Titolo e link: Fumetti Pallosi
Lingua: Italiano
Tipologia: Comico (palloso)
Formato: Strip di due vignette
Colore o b/n: Bianco e nero o a colori
Cadenza: Irregolare
Continuità: Storie singole, con tormentoni anche a lunga distanza di tempo
Gergalità: Nessuna
Elementi fantastici: Qualcuno
Violenza: Inesistente
Autoreferenzialità: L’autore è apparso in alcune occasioni
Archivio: L’intero corpo del fumetto è disponibile online
Giudizio: (8)

Quando ho incontrato per la prima volta Fumetti Pallosi, ho pensato: “questo fumetto può far ridere solo una persona dall’umorismo deviato come me”. Ma in realtà diversi frequentatori di questo blog mi hanno detto di aver cliccato sul link qui a lato (sì, perché Fumetti Pallosi è ospitato da un blog su Live Journal) e di essersi fatti delle gran risate.

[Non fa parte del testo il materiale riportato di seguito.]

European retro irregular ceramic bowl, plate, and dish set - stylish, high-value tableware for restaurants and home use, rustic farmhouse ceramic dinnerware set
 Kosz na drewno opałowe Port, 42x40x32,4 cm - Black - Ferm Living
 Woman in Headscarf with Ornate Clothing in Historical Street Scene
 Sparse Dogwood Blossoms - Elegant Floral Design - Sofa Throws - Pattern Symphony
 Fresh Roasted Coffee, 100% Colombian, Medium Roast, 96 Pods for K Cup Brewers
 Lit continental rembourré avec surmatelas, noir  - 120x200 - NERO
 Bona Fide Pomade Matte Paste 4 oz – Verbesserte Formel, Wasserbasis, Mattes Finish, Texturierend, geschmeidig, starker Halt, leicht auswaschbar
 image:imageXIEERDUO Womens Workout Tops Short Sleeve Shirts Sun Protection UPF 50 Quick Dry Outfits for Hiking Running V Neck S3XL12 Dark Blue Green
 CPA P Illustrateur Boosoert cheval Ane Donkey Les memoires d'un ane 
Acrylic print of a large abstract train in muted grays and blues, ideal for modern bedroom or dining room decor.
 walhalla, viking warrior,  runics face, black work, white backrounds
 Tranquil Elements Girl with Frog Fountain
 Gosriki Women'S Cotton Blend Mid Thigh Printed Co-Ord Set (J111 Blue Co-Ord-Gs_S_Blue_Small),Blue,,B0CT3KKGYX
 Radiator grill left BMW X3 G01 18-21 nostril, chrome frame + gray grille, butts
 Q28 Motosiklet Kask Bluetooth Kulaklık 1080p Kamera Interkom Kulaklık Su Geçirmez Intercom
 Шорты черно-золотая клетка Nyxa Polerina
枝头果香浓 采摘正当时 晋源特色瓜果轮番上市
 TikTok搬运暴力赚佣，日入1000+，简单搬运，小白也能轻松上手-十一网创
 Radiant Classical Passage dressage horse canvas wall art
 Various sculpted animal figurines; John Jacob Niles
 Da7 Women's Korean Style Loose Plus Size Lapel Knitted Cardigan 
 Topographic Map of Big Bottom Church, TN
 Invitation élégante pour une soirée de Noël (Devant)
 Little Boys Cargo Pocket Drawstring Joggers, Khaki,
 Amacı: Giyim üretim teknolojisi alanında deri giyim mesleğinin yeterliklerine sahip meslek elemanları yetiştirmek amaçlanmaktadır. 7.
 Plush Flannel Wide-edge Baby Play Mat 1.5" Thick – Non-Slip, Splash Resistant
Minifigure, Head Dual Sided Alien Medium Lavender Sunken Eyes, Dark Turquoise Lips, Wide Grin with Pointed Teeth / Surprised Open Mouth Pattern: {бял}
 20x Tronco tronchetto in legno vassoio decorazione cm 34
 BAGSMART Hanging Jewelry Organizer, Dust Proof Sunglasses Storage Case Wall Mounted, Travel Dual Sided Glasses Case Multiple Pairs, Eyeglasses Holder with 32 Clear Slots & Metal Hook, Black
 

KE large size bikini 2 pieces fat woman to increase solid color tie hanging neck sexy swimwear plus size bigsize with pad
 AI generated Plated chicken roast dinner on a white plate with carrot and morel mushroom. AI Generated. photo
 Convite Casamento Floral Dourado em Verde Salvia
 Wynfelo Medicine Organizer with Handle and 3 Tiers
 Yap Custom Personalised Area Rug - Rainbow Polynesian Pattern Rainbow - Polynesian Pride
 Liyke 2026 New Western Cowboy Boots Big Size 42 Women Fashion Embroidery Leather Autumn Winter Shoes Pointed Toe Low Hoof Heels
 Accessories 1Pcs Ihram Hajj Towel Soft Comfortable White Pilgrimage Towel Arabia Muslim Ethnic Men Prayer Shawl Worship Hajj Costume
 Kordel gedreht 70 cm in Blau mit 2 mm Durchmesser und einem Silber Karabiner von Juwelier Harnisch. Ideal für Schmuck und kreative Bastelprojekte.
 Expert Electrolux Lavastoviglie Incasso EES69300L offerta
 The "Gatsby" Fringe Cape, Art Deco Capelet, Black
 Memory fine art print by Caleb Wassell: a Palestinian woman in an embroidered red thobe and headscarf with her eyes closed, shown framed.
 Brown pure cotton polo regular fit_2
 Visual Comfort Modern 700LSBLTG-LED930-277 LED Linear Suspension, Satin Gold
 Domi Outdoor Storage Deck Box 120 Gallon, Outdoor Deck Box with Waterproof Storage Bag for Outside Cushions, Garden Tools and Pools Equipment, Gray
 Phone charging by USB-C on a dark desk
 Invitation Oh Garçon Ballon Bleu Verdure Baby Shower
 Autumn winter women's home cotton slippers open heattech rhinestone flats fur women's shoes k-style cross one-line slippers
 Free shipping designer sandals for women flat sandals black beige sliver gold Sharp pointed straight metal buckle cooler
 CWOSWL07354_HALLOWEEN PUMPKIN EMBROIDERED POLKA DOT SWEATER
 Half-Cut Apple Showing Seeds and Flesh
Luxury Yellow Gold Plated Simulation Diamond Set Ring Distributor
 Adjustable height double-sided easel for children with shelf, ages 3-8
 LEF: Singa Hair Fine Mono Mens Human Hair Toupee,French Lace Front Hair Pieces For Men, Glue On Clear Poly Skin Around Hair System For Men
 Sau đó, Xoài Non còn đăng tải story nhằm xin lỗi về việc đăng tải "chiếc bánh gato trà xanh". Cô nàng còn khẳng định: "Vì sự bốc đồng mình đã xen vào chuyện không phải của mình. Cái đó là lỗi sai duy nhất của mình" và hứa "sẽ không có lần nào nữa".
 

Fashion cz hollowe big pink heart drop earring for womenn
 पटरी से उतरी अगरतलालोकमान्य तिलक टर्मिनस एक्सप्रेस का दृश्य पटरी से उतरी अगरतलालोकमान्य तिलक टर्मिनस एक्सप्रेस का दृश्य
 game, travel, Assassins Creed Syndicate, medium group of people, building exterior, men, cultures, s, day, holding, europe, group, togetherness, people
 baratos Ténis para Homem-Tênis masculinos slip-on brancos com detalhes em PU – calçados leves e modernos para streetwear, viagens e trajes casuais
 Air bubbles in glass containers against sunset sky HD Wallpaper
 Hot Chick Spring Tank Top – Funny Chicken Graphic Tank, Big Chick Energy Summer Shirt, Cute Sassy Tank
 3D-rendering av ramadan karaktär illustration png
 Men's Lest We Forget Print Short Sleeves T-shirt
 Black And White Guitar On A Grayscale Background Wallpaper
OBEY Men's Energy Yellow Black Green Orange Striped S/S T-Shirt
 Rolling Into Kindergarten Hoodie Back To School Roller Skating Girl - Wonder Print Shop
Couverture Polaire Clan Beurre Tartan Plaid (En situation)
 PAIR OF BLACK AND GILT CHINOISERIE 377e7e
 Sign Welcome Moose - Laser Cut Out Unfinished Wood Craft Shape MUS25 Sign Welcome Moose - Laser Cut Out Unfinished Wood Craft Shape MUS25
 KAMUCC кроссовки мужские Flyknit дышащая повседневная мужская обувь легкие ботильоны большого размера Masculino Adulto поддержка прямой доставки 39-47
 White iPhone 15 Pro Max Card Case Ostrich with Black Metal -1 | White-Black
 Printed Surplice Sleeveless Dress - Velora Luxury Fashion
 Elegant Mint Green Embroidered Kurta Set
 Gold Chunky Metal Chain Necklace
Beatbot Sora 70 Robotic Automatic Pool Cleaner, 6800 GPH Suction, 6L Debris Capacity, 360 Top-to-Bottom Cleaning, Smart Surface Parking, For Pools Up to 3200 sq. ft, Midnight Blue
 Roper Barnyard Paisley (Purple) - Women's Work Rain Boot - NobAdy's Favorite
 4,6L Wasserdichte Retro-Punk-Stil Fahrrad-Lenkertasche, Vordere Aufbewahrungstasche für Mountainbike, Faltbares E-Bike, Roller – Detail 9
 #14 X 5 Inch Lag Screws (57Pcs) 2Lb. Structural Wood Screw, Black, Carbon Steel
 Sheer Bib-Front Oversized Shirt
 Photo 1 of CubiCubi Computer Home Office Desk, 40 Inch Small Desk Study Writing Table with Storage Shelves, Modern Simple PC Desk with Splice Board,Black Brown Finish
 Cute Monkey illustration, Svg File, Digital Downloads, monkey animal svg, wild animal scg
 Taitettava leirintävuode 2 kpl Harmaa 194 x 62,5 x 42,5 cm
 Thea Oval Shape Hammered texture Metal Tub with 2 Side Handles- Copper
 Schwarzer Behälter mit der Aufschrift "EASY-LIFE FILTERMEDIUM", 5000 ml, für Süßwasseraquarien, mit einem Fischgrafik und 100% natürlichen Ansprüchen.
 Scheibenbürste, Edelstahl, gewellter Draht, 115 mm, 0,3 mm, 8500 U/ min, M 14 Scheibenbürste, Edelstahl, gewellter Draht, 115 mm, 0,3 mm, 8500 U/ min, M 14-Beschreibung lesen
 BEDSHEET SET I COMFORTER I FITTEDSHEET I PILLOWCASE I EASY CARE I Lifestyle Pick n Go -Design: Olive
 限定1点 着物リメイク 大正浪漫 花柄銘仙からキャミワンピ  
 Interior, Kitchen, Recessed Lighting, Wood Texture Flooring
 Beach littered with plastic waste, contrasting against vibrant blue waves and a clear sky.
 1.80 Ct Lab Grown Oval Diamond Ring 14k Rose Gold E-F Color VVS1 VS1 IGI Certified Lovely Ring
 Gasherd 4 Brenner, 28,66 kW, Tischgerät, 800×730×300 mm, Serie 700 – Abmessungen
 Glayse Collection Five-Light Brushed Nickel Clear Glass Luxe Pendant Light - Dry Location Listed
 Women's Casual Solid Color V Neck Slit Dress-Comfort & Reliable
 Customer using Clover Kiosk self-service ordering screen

Quindi, evidentemente, c’è un meccanismo per cui fa ridere, anche se non è facile capire perché. Credo che da principio si rida di se stessi: siamo stai avvertiti che il fumetto è palloso, eppure non possiamo fare a meno, leggendo la prima vignetta, di crearci delle aspettative che vengono inesorabilmente deluse dalla seconda.  Successivamente si ride per l’effetto ripetizione: una gag che ci ha fatto sorridere, ripetuta in continue variazioni fa ridere sempre di più. infine subentra un umorismo più esoterico: ci si diverte vedendo i personaggi ritornare, cercando di derivare delle leggi intrinseche alla pallosità. Nel farlo ci si scopre pallosi, si ride di nuovo di se stessi, e il ciclo ricomincia. Come avete detto? Questa recensione è pallosa? Allora ho raggiunto lo scopo. Che state a fare qui? Andate a leggere fumetti pallosi, che tanto…

P.S.: In mezzo ai Fumetti Pallosi trovate anche i Deadly Stupid Tales, allegri fumetti che hanno come protagonista la Morte.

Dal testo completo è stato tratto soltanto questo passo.